On Wed, May 11, 2022, Jim Mattson wrote:
> On Fri, May 6, 2022 at 11:31 PM Arnabjyoti Kalita
> <akalita@xxxxxxxxxxxxxxxxx> wrote:
> >
> > Dear Sean and all,
> >
> > When a VMEXIT happens of type "KVM_EXIT_DEBUG" because a hardware
> > breakpoint was triggered when an instruction was about to be executed,
> > does the instruction where the breakpoint was placed actually execute
> > before the VMEXIT happens?
> >
> > I am attempting to record the occurrence of the debug exception in
> > userspace. I do not want to do anything extra with the debug
> > exception.
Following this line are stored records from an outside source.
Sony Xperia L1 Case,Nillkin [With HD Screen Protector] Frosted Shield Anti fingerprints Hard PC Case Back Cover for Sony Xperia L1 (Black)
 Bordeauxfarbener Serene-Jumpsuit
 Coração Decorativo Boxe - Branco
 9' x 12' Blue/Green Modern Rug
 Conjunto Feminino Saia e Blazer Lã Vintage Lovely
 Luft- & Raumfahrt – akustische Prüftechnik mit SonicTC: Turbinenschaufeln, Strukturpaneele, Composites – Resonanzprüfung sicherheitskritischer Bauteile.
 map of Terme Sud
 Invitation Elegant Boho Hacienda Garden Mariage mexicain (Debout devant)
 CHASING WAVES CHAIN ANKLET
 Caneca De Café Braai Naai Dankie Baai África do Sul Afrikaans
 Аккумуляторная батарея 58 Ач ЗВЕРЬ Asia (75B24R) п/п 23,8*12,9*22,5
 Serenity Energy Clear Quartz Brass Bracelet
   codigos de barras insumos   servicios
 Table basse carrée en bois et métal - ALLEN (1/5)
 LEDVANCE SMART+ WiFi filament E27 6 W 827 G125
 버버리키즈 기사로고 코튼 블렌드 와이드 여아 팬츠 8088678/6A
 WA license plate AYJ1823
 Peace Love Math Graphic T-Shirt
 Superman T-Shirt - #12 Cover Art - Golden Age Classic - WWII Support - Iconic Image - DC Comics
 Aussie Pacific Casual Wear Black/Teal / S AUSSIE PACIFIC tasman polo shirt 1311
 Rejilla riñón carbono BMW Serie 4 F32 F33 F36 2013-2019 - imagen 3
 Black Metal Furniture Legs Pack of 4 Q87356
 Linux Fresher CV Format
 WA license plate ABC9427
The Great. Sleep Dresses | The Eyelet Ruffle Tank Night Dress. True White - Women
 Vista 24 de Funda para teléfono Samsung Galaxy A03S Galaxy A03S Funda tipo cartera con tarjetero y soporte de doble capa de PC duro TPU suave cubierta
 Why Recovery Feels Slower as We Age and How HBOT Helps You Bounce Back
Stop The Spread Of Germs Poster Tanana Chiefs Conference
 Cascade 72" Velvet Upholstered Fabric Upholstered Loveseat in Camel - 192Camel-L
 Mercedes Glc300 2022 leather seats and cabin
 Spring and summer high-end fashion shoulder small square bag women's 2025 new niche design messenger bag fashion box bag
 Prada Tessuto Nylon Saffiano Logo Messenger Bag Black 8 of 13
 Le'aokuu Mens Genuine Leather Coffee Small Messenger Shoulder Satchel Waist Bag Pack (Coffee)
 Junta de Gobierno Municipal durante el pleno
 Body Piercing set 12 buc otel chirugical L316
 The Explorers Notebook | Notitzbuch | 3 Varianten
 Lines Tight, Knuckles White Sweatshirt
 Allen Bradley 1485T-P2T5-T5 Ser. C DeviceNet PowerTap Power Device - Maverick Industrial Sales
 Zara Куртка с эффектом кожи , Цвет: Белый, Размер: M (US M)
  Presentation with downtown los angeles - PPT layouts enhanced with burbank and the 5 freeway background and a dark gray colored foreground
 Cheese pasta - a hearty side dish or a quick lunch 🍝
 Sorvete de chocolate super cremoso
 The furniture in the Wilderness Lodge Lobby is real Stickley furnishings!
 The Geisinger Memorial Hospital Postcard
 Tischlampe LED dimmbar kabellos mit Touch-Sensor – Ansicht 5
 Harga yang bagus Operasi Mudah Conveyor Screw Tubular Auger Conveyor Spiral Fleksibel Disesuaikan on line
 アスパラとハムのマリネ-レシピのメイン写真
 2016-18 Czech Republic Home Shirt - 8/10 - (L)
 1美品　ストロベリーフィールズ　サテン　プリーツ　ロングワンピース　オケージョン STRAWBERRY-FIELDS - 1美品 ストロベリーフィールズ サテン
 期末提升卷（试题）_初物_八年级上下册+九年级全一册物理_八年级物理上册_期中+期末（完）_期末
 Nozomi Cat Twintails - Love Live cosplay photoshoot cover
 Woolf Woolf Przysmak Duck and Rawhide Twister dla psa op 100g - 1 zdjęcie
I have modified the kernel code (handle_exception_nmi) to
> > do something like this -
> >
> > case BP_VECTOR:
> >     /*
> >      * Update instruction length as we may reinject #BP from
> >      * user space while in guest debugging mode. Reading it for
> >      * #DB as well causes no harm, it is not used in that case.
> >      */
> >       vmx->vcpu.arch.event_exit_inst_len = vmcs_read32(VM_EXIT_INSTRUCTION_LEN);
> >       kvm_run->exit_reason = KVM_EXIT_DEBUG;
> >       ......
> >       kvm_run->debug.arch.pc = vmcs_readl(GUEST_CS_BASE) + rip;
> >       kvm_run->debug.arch.exception = ex_no;
> >       kvm_rip_write(vcpu, rip + vmcs_read32(VM_EXIT_INSTRUCTION_LEN));
> >    <---Change : update RIP here
> >       break;
> >
> > This allows the guest to proceed after the hardware breakpoint
> > exception was triggered. However, the guest kernel keeps running into
> > page fault at arbitrary points in time. So, I'm not sure if I need to
> > handle something else too.
> >
> > I have modified the userspace code to not trigger any exception, it
> > just records the occurence of this VMEXIT and lets the guest continue.
> >
> > Is this the right approach?
> 
> Probably not. I'm not sure how kprobes work, but the tracepoint hooks
> at function entry are multi-byte nopl instructions. The int3
> instruction that raises a #BP fault is only one byte. If you advance
> past that byte, you will try to execute the remaining bytes of the
> original nopl. You want to skip past the entire nopl.

And kprobes aren't the only thing that will generate #BP, e.g. the kernel uses
INT3 for patching, userspace debuggers in the guest can insert INT3, etc...  The
correct thing to do is to re-inject the #BP back into the guest without touching
RIP.